In 1906, the future soldier married Harriett Wild in a civil ceremony registered at Stockport. They lived at 15 Lincoln Street in the Portwood area of town and would have three children together. When War came in 1914, Thomas left his job of 25 years at Palmer Mills Ltd on Mersey Street and joined up at Manchester.
There is some doubt about the date of Thomas' death. Official records show it as 26 September but the letter below, from his company commander, indicates it was during the night of 27/28th or 28/29th. There was very confused fighting on these days during the Battle of the Somme and it is, perhaps, no surprise that the normally precise recording of casualty details has not occurred (or, alternatively, that the officer was unsure exactly when he had been killed). In fact, an examination of Regimental records published after the War (and now available on the CD-ROM "Soldiers Died in the Great War") indicate that the Battalion suffered 70 casualties in these three days and all but two are recorded as being on the 26th , with none on the 28th. This seems most unlikely and it is probable that a single imprecise casualty report was submitted for the period covering the attack.
A major attack was scheduled for the 26th, in the heart of the battlefield around Thiepval and a location known as Mouquet Farm (Mucky Farm to the Tommies).
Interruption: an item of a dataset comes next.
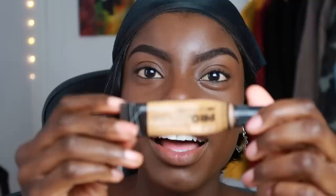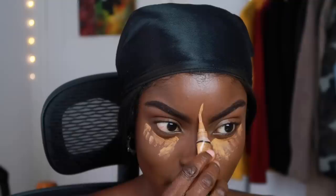Next we're gonna highlight and contour. To highlight I'm using my LA Girl Pro Concealer in shade Tawn, going underneath my eyes and other various places. When I put concealer on I like to go in with layers — I dab the first layer and then anywhere I feel it needs more highlight I add another layer.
In Thomas' sector, the actual attack would be led by other units and 11th Manchesters would be held in reserve at Crucifix Corner, Aveluy, ready to go forward as reinforcements.
The initial attack had gone well and, at 11am, three parties of specialist grenade throwers were sent forward to assist the 9th Lancashire Fusiliers at the Farm. In the early afternoon, a full platoon was sent to the Farm as the enemy was still holding out there but, by late afternoon, the Battalion was able to go forward to occupy the ground around the now captured Farm. There was a further advance at 7.45 towards another, unidentified, objective.
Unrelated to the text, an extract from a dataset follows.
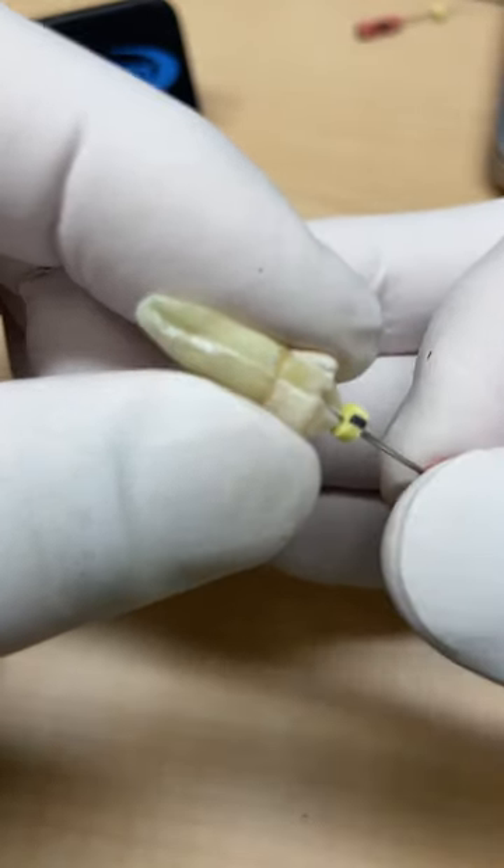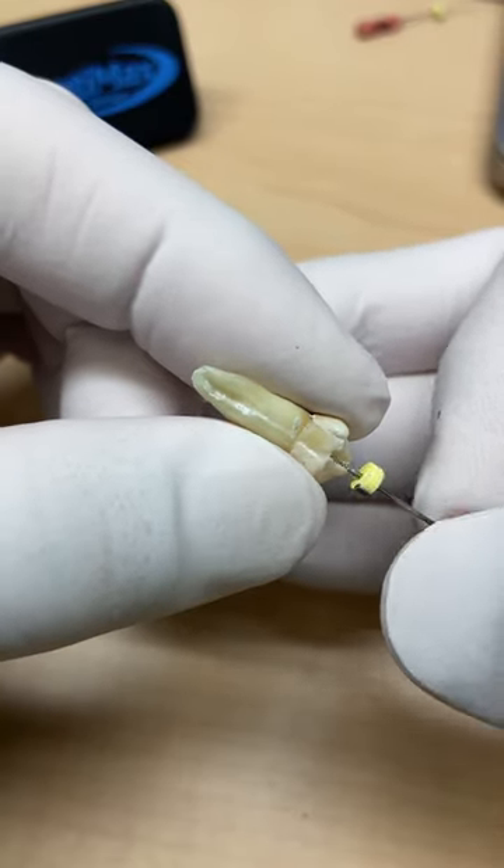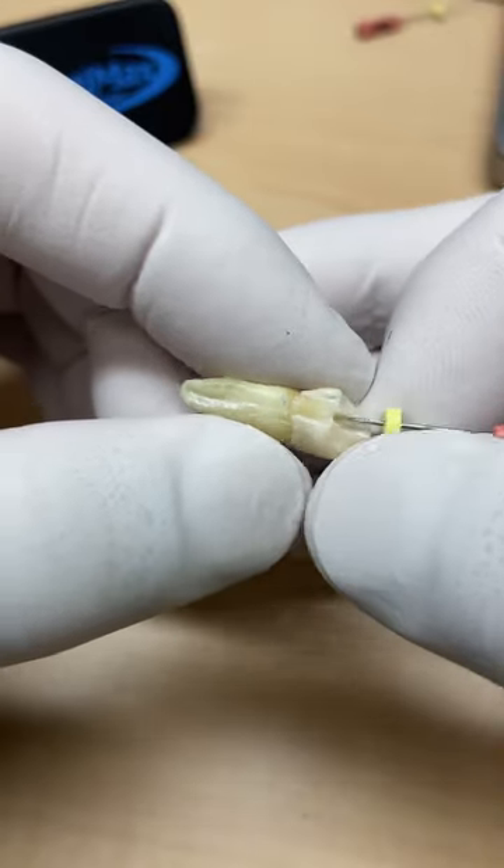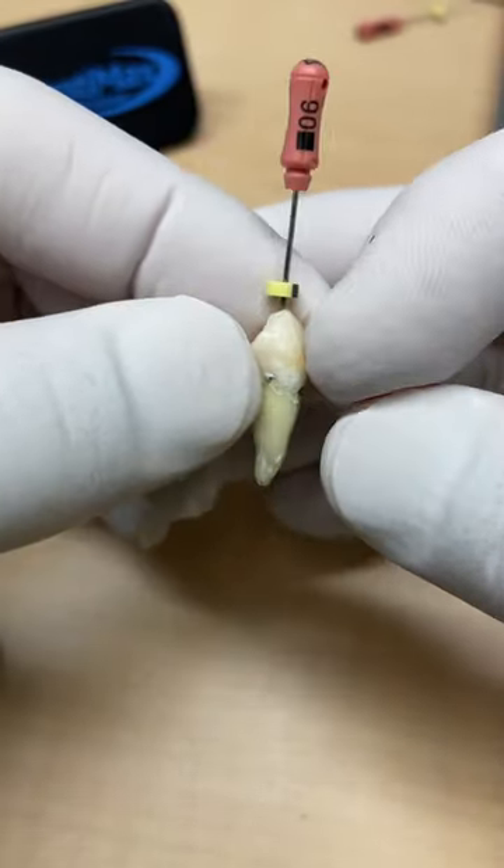Oh, there it is right there — boom! If you're doing mandibular premolars, you might want to grab a cone beam because these are tricky teeth.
"S" Company was able to secure its objective but the remainder of the Battalion could make no headway against determined German resistance. At 4.20am on the 27th, the position was this - "S" Company in the newly secured objective, "P" and "R" Companies in High Trench and "Q" Company held in reserve on the original British front line. Further small advances were made during the daylight hours of the 27th. By early evening, the Battalion was in possession of the southern portions of Hessian Trench and the Zollern Redoubt, but were under fire from the enemy who were still in possession of other parts of their trench system.
During the night, an attempt was made to work through the trench system using the well-practiced tactic of throwing grenades to clear the way. The German gradually pulled back and, at about 6.45am on the 28th, the officer in command reported the Germans were then only 30 yards away but were in force.
Reinforcements were sent up and the process of consolidating the gains and igging new communication trenches began.
Thomas' captain wrote to Harriett "I am very sorry to have to inform you that your husband 13299 Lance Corporal Clayton was killed in the big battle of September 28th. I am thankful to say he suffered no pain, for a shell burst close to him during the night and he died without regaining consciousness. I known how great your grief will be: but you will know he died fighting for justice and to die for justice is to die for Christ. May he and all his fellow comrades who have made the great sacrifice rest in peace. You have my deepest sympathy."